Are You Prepared? The Importance of Organizing Documents for Your Designees

A New Year means it’s time to act on your resolutions. Getting organized is one of the top 10 New Year’s resolutions, according to a recent Reader’s Digest survey.

Organizing your home and office are lofty goals and can lessen the chaos of your everyday life. However, consider how important it is to have your personal and financial documents organized and to share this information along with their location with appropriate individuals.

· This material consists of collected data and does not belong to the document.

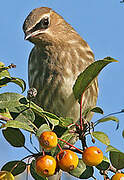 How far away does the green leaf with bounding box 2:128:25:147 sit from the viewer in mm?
2543

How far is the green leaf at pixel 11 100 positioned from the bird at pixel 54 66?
2329 millimetres

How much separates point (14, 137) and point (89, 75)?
0.66 meters

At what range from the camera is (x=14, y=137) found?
2551 mm

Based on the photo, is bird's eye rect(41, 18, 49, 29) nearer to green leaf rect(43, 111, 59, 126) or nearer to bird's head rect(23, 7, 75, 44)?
bird's head rect(23, 7, 75, 44)

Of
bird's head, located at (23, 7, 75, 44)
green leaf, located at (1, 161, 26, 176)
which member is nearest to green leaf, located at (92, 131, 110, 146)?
green leaf, located at (1, 161, 26, 176)

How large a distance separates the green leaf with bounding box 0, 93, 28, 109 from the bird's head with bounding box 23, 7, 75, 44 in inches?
83.8

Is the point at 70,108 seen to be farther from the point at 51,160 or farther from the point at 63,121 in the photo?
the point at 51,160

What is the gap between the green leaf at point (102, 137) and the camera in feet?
8.04

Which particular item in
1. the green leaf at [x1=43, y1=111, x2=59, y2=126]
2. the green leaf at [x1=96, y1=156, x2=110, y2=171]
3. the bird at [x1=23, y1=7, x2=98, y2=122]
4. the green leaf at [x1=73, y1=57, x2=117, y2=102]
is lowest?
the green leaf at [x1=96, y1=156, x2=110, y2=171]

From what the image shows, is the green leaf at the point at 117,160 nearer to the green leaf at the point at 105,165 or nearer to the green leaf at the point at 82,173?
the green leaf at the point at 105,165

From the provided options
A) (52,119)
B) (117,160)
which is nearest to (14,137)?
(52,119)

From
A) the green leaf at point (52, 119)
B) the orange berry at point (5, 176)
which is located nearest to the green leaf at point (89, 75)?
the green leaf at point (52, 119)

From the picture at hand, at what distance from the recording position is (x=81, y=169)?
2.64m

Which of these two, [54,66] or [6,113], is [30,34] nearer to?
[54,66] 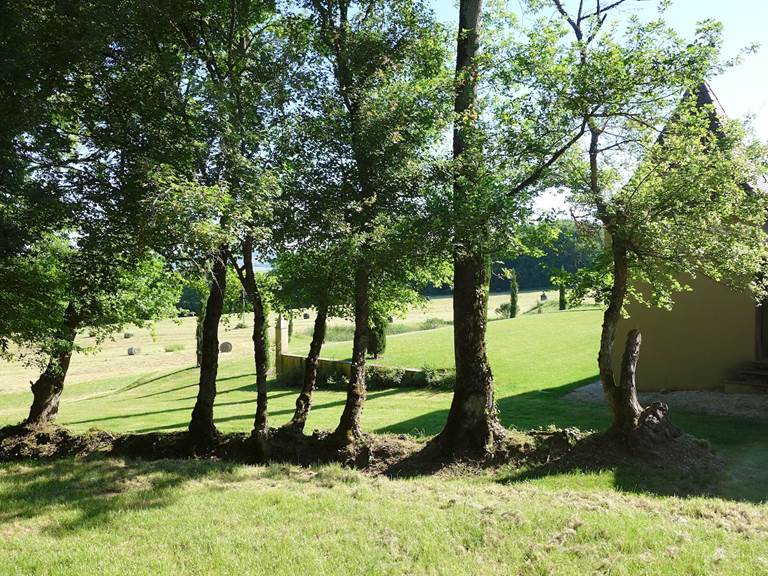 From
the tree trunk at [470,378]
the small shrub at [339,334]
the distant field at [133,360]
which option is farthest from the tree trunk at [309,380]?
the small shrub at [339,334]

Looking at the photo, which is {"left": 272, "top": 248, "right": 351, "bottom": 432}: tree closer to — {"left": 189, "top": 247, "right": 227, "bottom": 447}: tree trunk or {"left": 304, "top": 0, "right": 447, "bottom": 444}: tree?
{"left": 304, "top": 0, "right": 447, "bottom": 444}: tree

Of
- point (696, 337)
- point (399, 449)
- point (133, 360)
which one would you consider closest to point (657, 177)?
point (399, 449)

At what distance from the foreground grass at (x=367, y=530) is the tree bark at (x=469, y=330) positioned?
6.89ft

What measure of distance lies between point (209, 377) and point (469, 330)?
4909mm

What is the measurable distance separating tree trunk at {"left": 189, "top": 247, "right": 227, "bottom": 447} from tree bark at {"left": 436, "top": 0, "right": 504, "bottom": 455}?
4179mm

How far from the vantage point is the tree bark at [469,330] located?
9914 millimetres

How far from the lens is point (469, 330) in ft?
33.5

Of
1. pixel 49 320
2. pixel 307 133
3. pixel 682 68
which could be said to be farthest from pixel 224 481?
pixel 682 68

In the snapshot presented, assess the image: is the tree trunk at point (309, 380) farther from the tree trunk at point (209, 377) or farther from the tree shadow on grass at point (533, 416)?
the tree shadow on grass at point (533, 416)

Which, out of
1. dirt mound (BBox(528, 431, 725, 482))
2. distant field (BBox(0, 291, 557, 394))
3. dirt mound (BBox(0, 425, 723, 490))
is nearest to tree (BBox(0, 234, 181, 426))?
dirt mound (BBox(0, 425, 723, 490))

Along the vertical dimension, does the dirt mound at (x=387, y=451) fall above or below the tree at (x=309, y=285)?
below

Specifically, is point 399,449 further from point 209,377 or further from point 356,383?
point 209,377

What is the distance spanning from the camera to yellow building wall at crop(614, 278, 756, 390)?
48.3 feet

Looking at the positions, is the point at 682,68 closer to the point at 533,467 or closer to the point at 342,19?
the point at 342,19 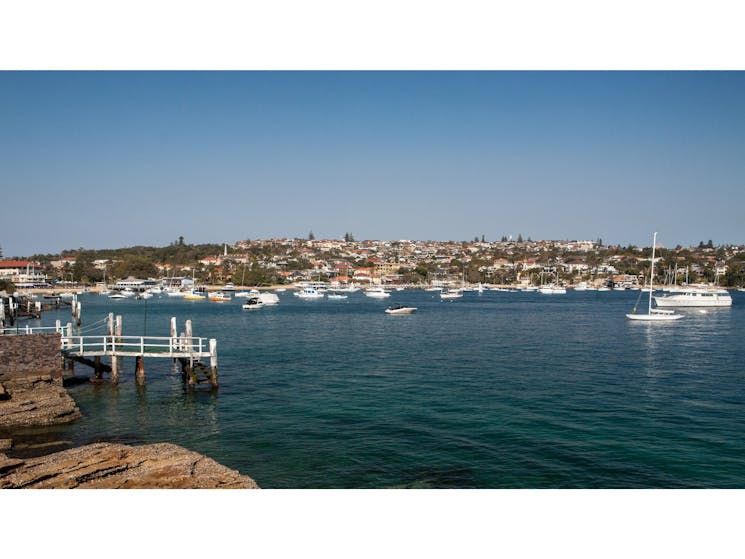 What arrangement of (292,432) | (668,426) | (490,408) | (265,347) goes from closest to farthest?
(292,432), (668,426), (490,408), (265,347)

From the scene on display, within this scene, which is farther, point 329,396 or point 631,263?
point 631,263

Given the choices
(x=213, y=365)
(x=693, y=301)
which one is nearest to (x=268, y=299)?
(x=693, y=301)

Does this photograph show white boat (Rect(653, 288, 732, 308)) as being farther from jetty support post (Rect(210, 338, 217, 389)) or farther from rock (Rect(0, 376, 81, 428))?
rock (Rect(0, 376, 81, 428))

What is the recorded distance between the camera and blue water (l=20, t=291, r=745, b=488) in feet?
36.6

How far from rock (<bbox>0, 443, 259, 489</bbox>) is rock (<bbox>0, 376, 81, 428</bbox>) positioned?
3.99m

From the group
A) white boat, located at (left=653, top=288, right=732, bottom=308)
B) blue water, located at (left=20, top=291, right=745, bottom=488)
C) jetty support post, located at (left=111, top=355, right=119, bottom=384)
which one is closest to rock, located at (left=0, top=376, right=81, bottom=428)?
blue water, located at (left=20, top=291, right=745, bottom=488)

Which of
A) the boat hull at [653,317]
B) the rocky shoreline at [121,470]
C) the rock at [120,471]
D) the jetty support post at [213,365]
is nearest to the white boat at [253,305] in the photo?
the boat hull at [653,317]

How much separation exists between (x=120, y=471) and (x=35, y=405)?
633 cm

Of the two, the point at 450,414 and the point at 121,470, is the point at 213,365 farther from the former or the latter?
the point at 121,470

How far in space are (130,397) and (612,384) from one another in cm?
1568

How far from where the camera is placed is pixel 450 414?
50.5ft

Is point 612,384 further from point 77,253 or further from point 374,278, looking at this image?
point 77,253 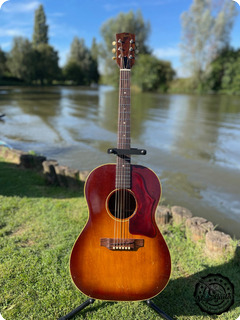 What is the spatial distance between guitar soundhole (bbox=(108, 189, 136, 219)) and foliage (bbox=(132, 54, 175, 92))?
96.5ft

Life’s emergency situations require advanced preparation and planning. Your spouse and adult children—and any others who would need to handle your financial affairs—should know the location of all papers, contracts, documents, policies and other needed information in case something happens. They should know to whom to turn for advice in case of any of these emergencies:

Natural Disasters. It seems like every day on the news there are more reports of massive natural disasters—devastating fires in California, hurricanes on the East coast, floods where it has never flooded before.

Theft. Theft of personal belongings can happen quickly at your home, office or in a public parking lot.

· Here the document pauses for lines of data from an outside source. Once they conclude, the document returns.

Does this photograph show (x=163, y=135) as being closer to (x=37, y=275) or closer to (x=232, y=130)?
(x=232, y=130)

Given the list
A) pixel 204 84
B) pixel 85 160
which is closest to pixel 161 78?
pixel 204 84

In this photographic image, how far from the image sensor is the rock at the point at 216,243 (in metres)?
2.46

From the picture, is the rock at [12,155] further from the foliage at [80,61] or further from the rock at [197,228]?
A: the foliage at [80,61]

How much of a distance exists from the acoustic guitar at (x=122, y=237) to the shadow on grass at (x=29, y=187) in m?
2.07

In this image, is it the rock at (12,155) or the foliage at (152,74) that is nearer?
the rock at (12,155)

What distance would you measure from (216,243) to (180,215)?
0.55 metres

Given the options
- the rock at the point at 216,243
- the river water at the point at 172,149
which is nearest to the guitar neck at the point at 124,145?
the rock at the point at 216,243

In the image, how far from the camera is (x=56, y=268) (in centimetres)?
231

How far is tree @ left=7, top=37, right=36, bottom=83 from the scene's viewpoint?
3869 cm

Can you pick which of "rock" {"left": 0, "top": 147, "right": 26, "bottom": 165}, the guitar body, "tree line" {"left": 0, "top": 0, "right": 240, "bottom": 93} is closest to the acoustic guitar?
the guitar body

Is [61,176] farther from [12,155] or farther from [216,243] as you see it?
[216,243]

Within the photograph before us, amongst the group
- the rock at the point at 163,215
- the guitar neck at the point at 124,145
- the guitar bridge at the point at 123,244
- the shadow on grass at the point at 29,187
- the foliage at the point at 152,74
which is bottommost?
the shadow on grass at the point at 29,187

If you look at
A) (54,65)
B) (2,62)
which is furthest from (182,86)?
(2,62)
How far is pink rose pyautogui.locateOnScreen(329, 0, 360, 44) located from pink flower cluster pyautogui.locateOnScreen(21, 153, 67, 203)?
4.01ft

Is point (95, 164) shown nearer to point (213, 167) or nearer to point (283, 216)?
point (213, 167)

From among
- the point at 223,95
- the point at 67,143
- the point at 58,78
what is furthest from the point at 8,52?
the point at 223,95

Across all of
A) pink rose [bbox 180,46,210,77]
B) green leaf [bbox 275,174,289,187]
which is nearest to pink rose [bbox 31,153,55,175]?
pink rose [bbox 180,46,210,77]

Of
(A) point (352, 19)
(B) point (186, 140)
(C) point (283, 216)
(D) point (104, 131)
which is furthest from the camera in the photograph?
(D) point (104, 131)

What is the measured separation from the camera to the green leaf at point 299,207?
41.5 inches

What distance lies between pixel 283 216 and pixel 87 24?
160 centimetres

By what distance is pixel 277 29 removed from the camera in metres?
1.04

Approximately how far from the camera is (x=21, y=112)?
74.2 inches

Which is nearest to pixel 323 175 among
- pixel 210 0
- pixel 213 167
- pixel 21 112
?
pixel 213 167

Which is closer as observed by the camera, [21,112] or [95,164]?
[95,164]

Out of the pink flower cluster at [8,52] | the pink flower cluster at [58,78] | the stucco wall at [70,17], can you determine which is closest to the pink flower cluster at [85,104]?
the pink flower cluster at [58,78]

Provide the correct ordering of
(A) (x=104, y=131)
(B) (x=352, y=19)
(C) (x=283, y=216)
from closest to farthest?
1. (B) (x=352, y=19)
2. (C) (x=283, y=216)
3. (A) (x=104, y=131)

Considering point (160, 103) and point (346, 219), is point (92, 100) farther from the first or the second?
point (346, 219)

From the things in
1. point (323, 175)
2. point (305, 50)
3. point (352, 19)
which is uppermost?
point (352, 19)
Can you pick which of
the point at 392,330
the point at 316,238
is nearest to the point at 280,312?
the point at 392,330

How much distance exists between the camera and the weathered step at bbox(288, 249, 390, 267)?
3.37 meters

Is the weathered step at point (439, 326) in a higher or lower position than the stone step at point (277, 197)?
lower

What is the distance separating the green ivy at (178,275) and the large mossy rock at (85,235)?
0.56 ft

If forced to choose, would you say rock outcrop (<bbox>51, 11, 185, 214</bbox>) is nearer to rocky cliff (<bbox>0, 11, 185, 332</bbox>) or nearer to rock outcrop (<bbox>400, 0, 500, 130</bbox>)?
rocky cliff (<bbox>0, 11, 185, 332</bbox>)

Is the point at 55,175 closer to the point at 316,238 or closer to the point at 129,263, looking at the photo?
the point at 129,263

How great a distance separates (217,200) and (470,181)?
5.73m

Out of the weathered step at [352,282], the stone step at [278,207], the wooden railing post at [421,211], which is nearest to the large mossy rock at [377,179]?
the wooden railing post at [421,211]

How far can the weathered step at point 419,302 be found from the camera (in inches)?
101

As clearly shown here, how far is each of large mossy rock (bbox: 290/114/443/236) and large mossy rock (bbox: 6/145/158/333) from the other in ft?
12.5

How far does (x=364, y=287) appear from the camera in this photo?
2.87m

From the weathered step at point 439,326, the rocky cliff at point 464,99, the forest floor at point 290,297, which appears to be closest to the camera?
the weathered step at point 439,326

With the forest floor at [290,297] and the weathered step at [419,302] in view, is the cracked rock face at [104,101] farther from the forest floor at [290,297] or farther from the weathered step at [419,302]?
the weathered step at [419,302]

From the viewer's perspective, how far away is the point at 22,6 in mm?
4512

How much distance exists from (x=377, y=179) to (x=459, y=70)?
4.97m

Sudden Illness. Sudden illness or injury could leave you incapacitated with your loved ones not knowing how to gain access to your important documents, such as your durable power of attorney.

Contingency Plans. While traveling out of town or overseas in our current environment, a situation may occur where you need your trusted individual to have access to your personal or financial information.

With online banking and bill paying, it is easier than ever to move money around, but harder for your designees to find out what’s where. Prepare a list of all your accounts (bank, credit card, investment and retirement) as well as household bills and insurance (health, home and auto). Share the information with your designees. These documents can be stored online as long as you share your log-in and password, but also keep a paper copy in a secure location.

Your team consisting of your tax preparer, financial advisor, estate planner and attorney may know what is going on with your money and your estate plan and can help to sort out the details of your intentions for your designees. Make a list of their names, contact information, and what they do for you. Better yet, invite your heirs to your next meeting so they will be more comfortable working with a team they know.

Kick off the New Year by making sure your personal and financial documents are organized and secure. Then, share their location with the designee(s) you’ll depend on. It will give you and your loved ones peace of mind and make things easier during a stressful situation.